> TASK OBJECTIVE: Go to the line holding "At Honda of" in the data below and repeat it exactly, then each line after it up to and including the one holding "It's one of". Omit pictures.

> PROVIDED DATA:
------------------------------------------------
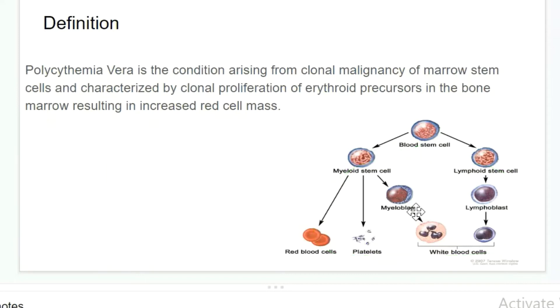PV is mainly characterized by proliferation of erythroid precursors — that are proerythroblast, basophilic erythroblast, polychromatic erythroblast, orthochromatic erythroblast, and reticulocytes. The increase in these erythroid precursors in the bone marrow results in an increase in red blood cell mass.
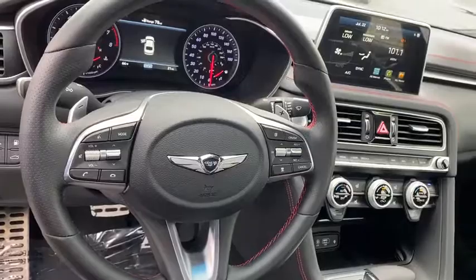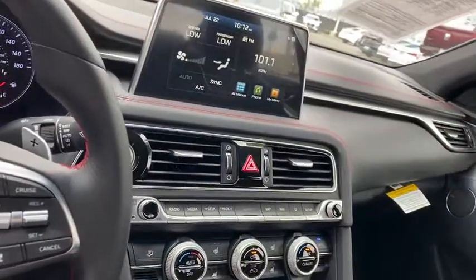Power door locks. MP3 playback stereo. Child safety locks. Bucket seats. Security seats.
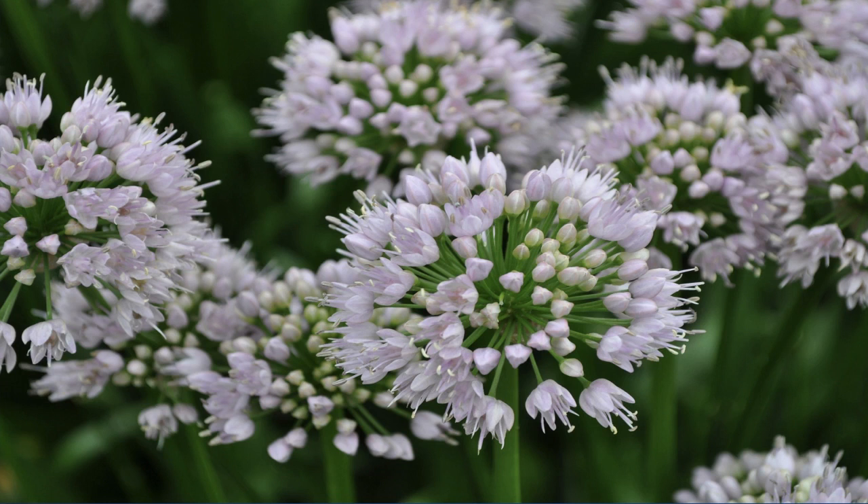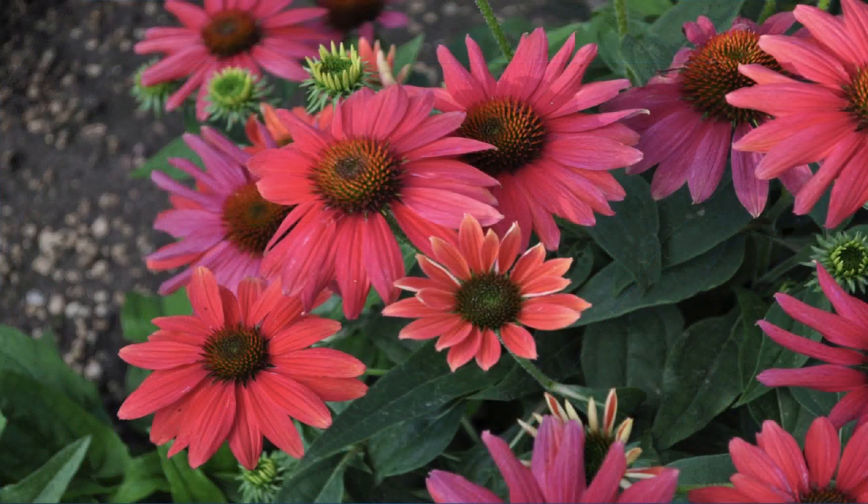The number one was the Allium Summer Beauty from Stonehouse Nursery. CSU said that the flowers were prolific. Number two was an echinacea plant called Sombrero Tres Amigos from Darwin Perennials.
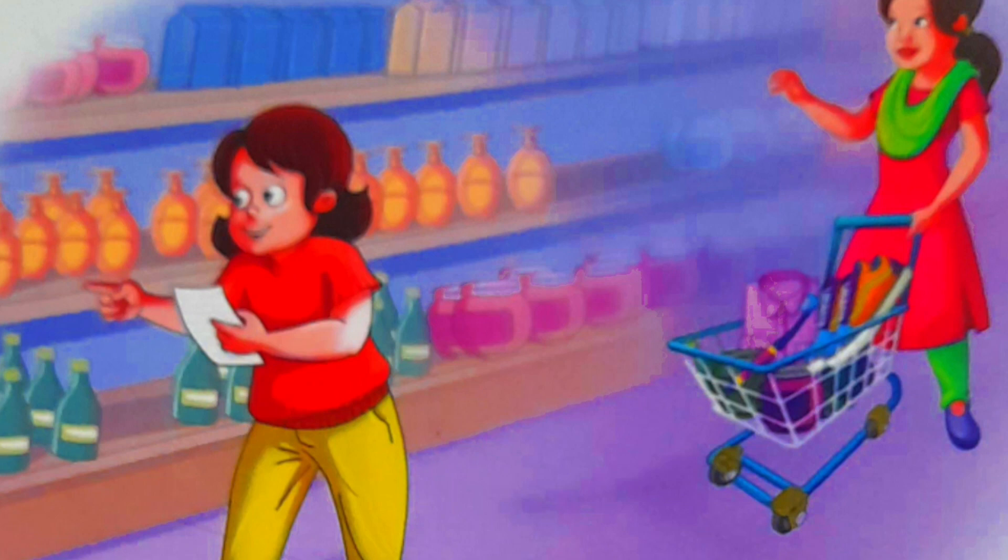Where is the shampoo? Thinks Sela. They cannot find the shampoo. Here is the shampoo, Mother sounds Sela.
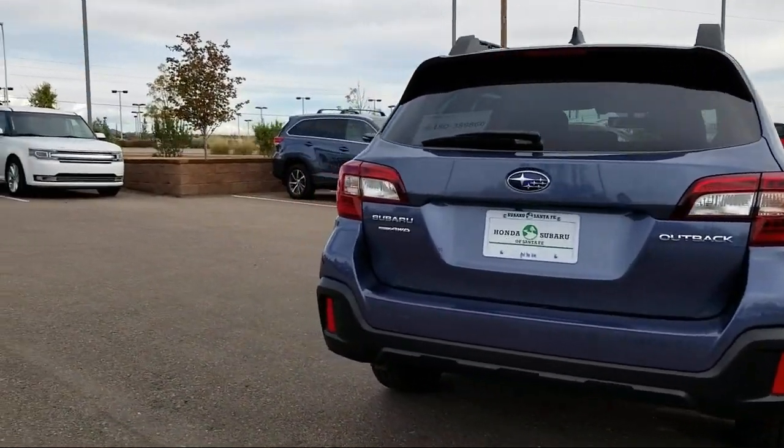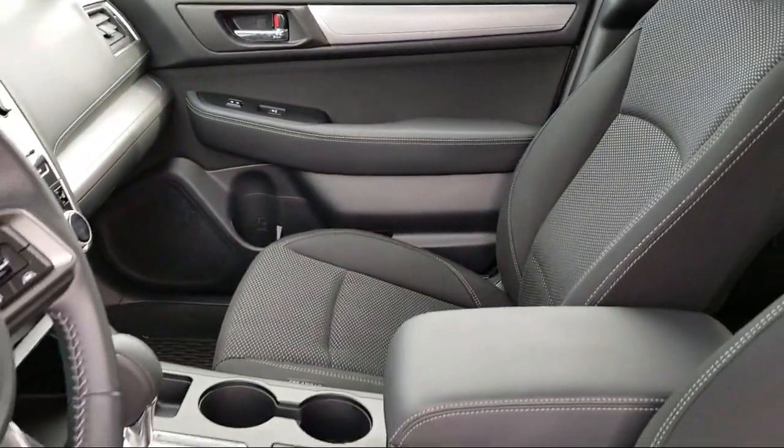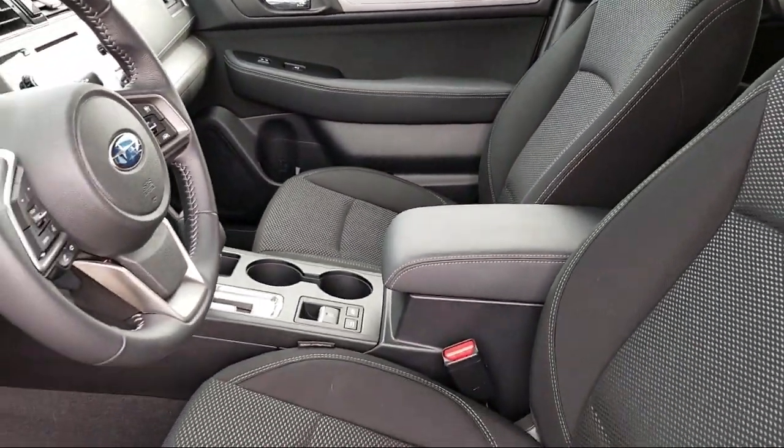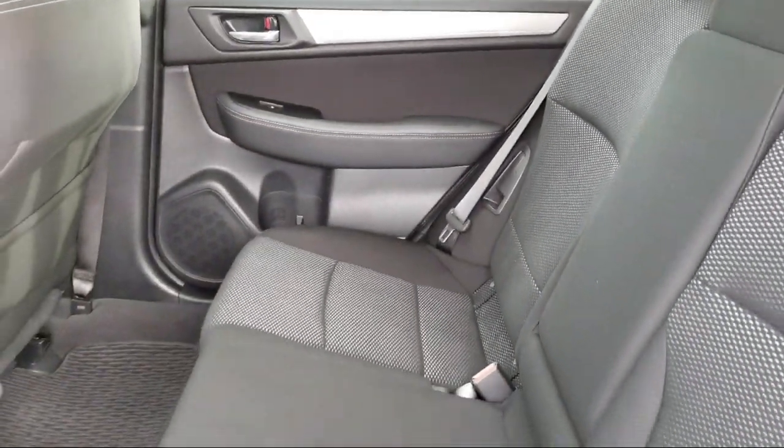At Honda of Santa Fe, every pre-owned vehicle at our dealership is thoroughly inspected and tested to ensure great performance and full satisfaction. We have gained a great reputation for offering some of the best quality pre-owned vehicles in the area.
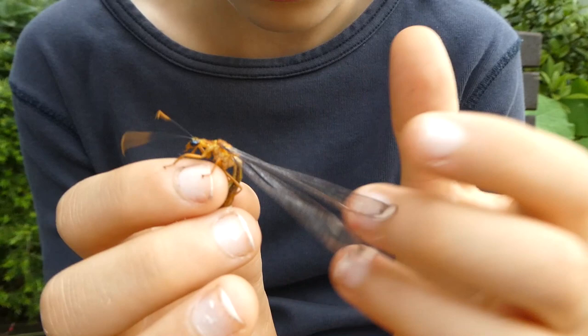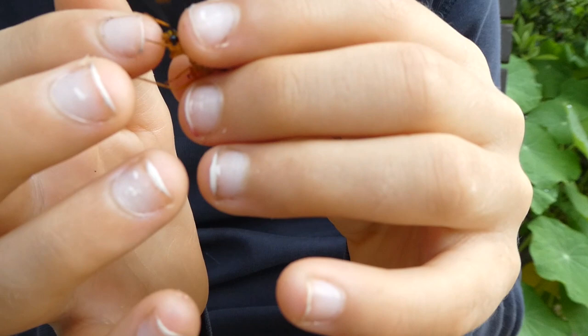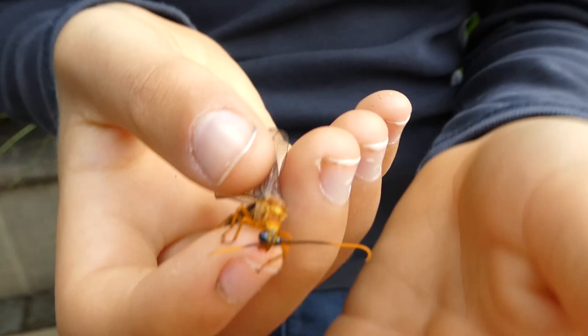It's one of the largest lacewings in the world. The body grows to about 4 centimetres long and its wingspan is about 11 centimetres long.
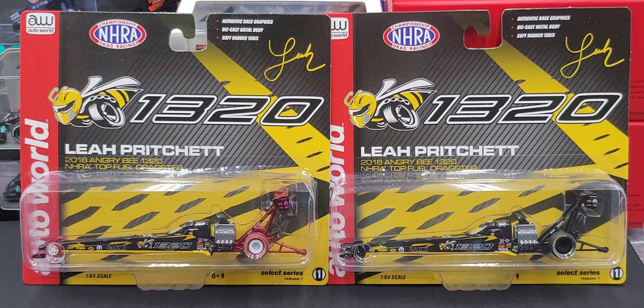Hey everyone, Jason back once again with another diecast review. Today we'll take a look at the Auto World 1/64 scale Leah Pritchett 2018 Angry B 1320 NHRA Top Fuel Dragster. If you're interested in picking these up or other NHRA diecast collectibles, I picked them up from Ground Pounded.com — link in the description below. Today we'll be taking a look at the standard version on the right and the ultra red chase piece on the left.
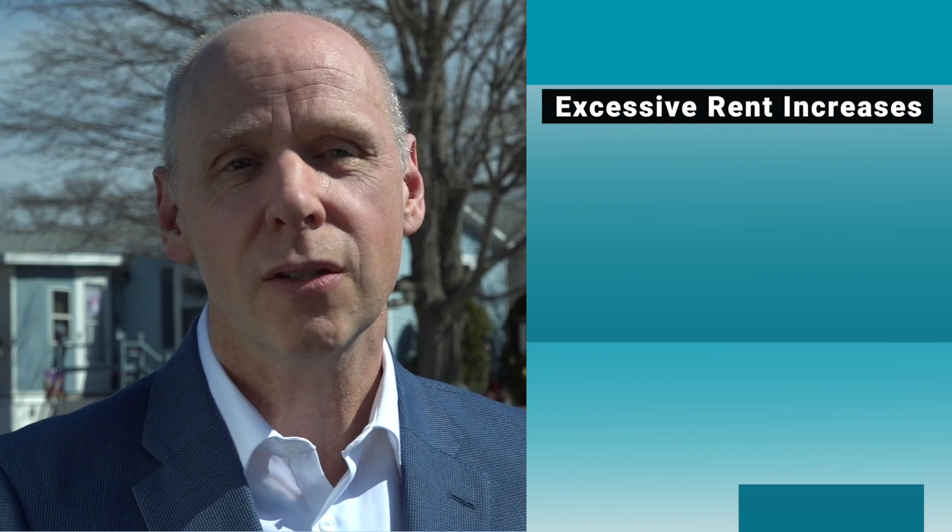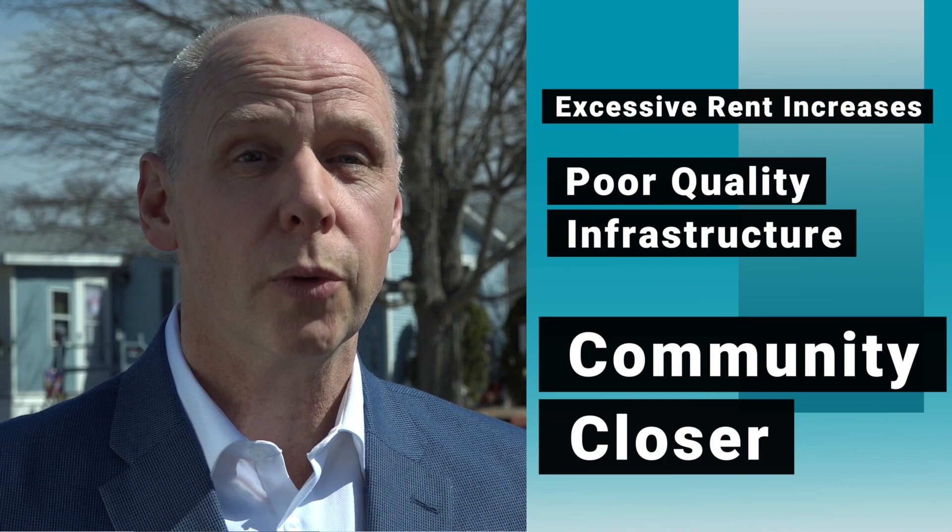ROC USA's reason for being is to help homeowners gain security of the land under their homes. As renters, homeowners face three basic risks: excessive rent increases, poor quality infrastructure, and the biggest risk of all — community closure, where homeowners are displaced. Since 1984, homeowners have been organizing co-ops, purchasing their communities, and becoming resident-owned communities.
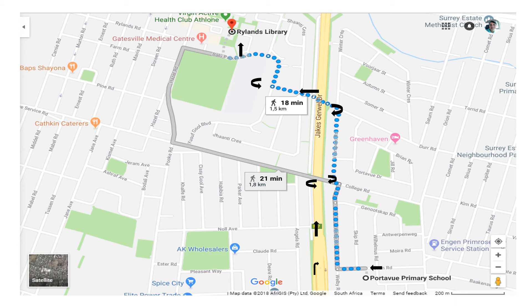Ryland's library is on Palu Poker Boulevard.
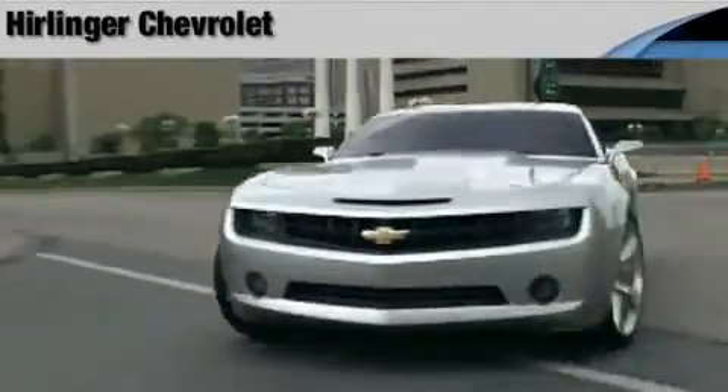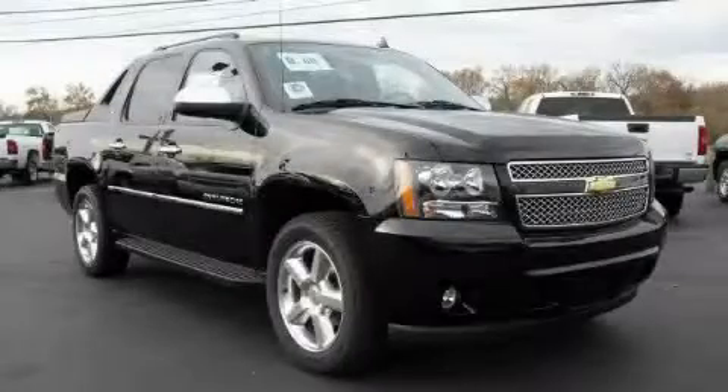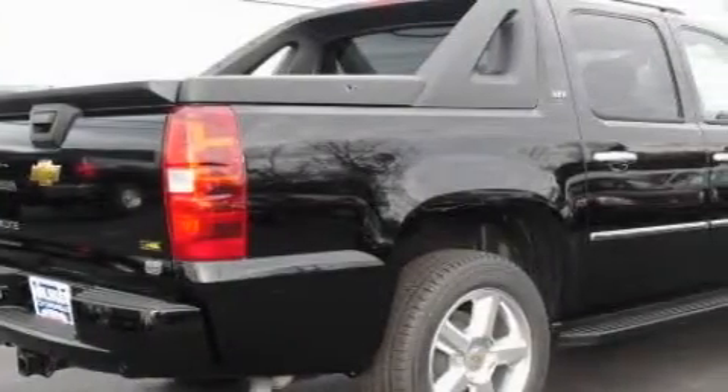Another fine vehicle offered by Herlinger Chevrolet. This is a 2009 Chevrolet Avalanche. Whether hauling, commuting, or towing, this truck is the right one for you.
------------------------------------------------
> ANSWER BELOW:
At Honda of Santa Fe, every pre-owned vehicle at our dealership is thoroughly inspected and tested to ensure great performance and full satisfaction. We have gained a great reputation for offering some of the best quality pre-owned vehicles in the area.
It's one of the largest lacewings in the world. The body grows to about 4 centimetres long and its wingspan is about 11 centimetres long.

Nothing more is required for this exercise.